Pursuant to Section 13 or 15(d)

of the Securities Exchange Act of 1934

Date of Report (Date of earliest event reported) December 17, 2018

 

 

HOLOGIC, INC.

(Exact Name of Registrant as Specified in Its Charter)

 

 

DELAWARE

(State or Other Jurisdiction of Incorporation)

 

1-36214   04-2902449

(Commission

File Number)

 

(I.R.S. Employer

Identification No.)

 

250 Campus Drive, Marlborough, MA   01752
(Address of Principal Executive Offices)   (Zip Code)

(508) 263-2900

(Registrant’s Telephone Number, Including Area Code)

(Former Name or Former Address, if Changed Since Last Report)

 

 

Check the appropriate box below if the Form 8-K filing is intended to simultaneously satisfy the filing obligation of the registrant under any of the following provisions:

 

Written communications pursuant to Rule 425 under the Securities Act (17 CFR 230.425)

 

Soliciting material pursuant to Rule 14a-12 under the Exchange Act (17 CFR 240.14a-12)

 

Pre-commencement communications pursuant to Rule 14d-2(b) under the Exchange Act (17 CFR 240.14d-2(b))

 

Pre-commencement communications pursuant to Rule 13e-4(c) under the Exchange Act (17 CFR 240.13e-4(c))

Indicate by check mark whether the registrant is an emerging growth company as defined in Rule 405 of the Securities Act of 1933 (17 CFR §230.405) or Rule 12b-2 of the Securities Exchange Act of 1934 (17 CFR §240.12b-2).

Emerging growth company  ☐

If an emerging growth company, indicate by check mark if the registrant has elected not to use the extended transition period for complying with any new or revised financial accounting standards provided pursuant to Section 13(a) of the Exchange Act.  ☐

 

 

 


Item 1.01

Entry into a Material Definitive Agreement.

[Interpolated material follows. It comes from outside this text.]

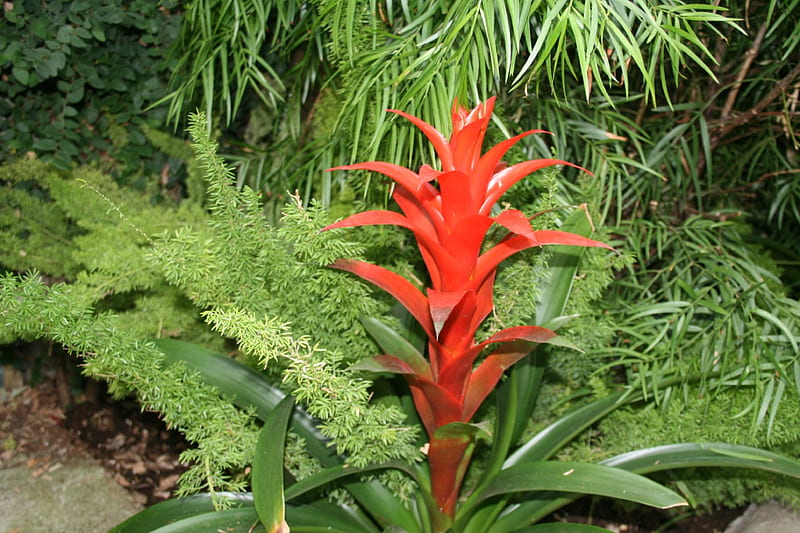 Flowers day at Edmonton Pyramids 48, red, graphy, green, Bromeliads, garden, Flowers, HD wallpaper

On December 17, 2018, Hologic, Inc., a Delaware corporation (“Hologic” or the “Company”), together with certain of its subsidiaries, refinanced its term loan and revolving credit facility by entering into Refinancing Amendment No. 1 (the “Refinancing Amendment”) to its Amended and Restated Credit and Guaranty Agreement, dated as of October 3, 2017 (the “Original Credit Agreement”), with Bank of America, N.A., in its capacity as Administrative Agent, and certain other lenders from time to time party thereto. The Original Credit Agreement, as amended by the Refinancing Amendment, is referred to herein as the “Amended Credit Agreement.” The Amended Credit Agreement includes a $1.5 billion senior term loan and $1.5 billion revolving credit facility, extends the maturity of these facilities to December 15, 2023, reduces the interest rates under both facilities and the commitment fee under the revolver, and provides additional flexibility under certain restrictive covenants.

Hologic, Hologic GGO 4 Ltd, a company incorporated in England and Wales (“Hologic U.K.”), and Hologic UK Finance LTD, a company incorporated in England and Wales (“U.K. Finance”), remain as the borrowers (the “Borrowers”) under the Amended Credit Agreement, and the Borrowers’ obligations under the Amended Credit Agreement remain guaranteed by certain domestic subsidiaries of the Company (the “Subsidiary Guarantors”). The Hologic subsidiaries that are or become Borrowers under the Amended Credit Agreement are referred to as “Designated Borrowers.”

The obligations of the Borrowers are secured by first-priority liens on, and a first-priority security interest in (in each case subject to certain liens permitted under the Amended Credit Agreement), substantially all of the U.S. assets of Hologic and the Subsidiary Guarantors, including, with certain exceptions, all of the capital stock of substantially all of the domestic subsidiaries owned by the Company and the Subsidiary Guarantors and 65% of the capital stock of certain of the Company’s first-tier foreign subsidiaries. The security interests are evidenced by a pledge and security agreement with Bank of America, N.A., in its capacity as Collateral Agent, and other related agreements.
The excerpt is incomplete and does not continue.